Verses like this are difficult for our generation to swallow, but this has not always been a difficult teaching. In fact until recent modern times, it has been quite normal for Jews and Christians alike who lost their spouse to remain single. Remarriage, though not rare was not the normal Judeo-Christian practice. (Fee, p. 290) It is only in more recent years that Christians have adopted the mindset that we must be married in order to be complete and fulfilled in life. First Corinthians chapter seven challenges this anti-single mindset by affirming that singleness is not only possible but it is normal and in many cases it is to be preferred over marriage. It is a good thing.
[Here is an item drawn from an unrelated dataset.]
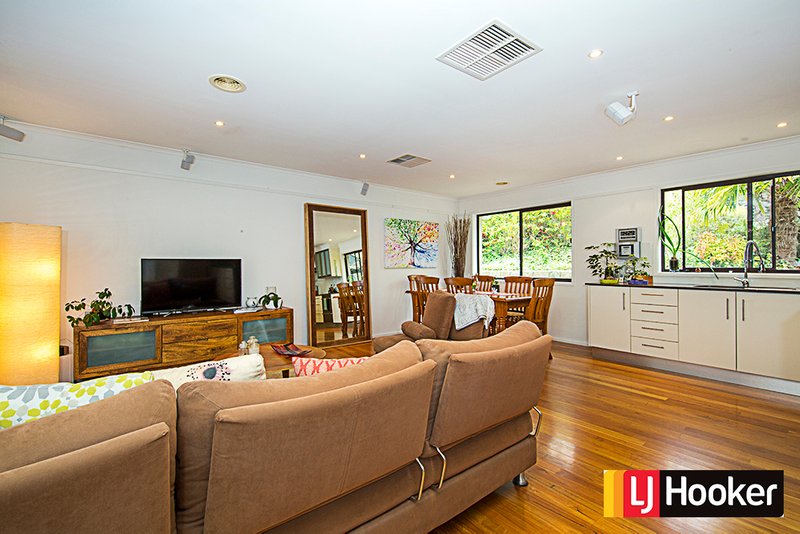 Photo - 10 Burtt Crescent, Calwell ACT 2905 - Image 7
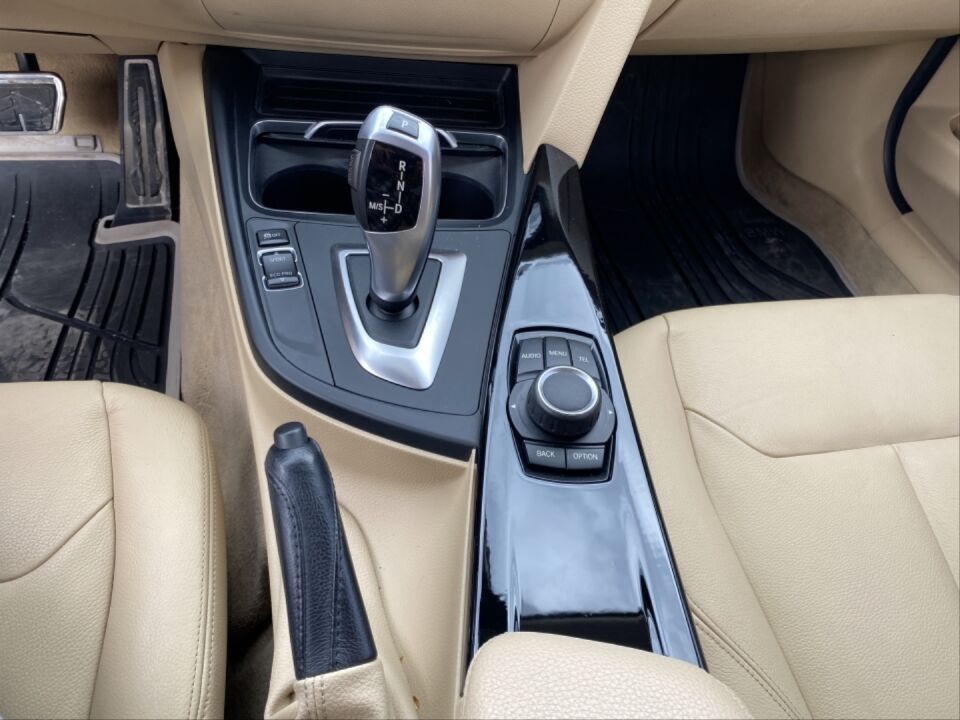BMW 3 Serisi F30 iDrive Konsol Kaplama - Piano Black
The Bible makes it clear in Hebrews 13:4 that “Marriage is honorable among all, and the bed undefiled . . .” The reluctance we sense in these verses to allow marriage or remarriage is directed toward those who are motivated by uncontrolled lustful desires. To such individuals the Bible reluctantly says, “It is better to marry than to burn.” But the ideal scenario is to be yielded to the control of the Holy Spirit and to gladly make the choice either to remain single or to enter marriage because that is the direction He is leading you. And if He leads you into marriage it will be a wholesome, loving relationship in which both the husband and wife are expressing God’s love to each other and not selfishly gratifying their lustful desires.
When we are led by God both marriage and singleness can be equally beautiful and fulfilling experiences. But if we are not led by God, both marriage and singleness can be equally painful and very unfulfilling experiences. It is our relationship with the Lord that makes the difference. It is not having a spouse that makes you complete. Only Christ makes us complete (Colossians 2:10; Hebrews 13:21). It is not marriage that makes your life fruitful, but abiding in Christ (John 15).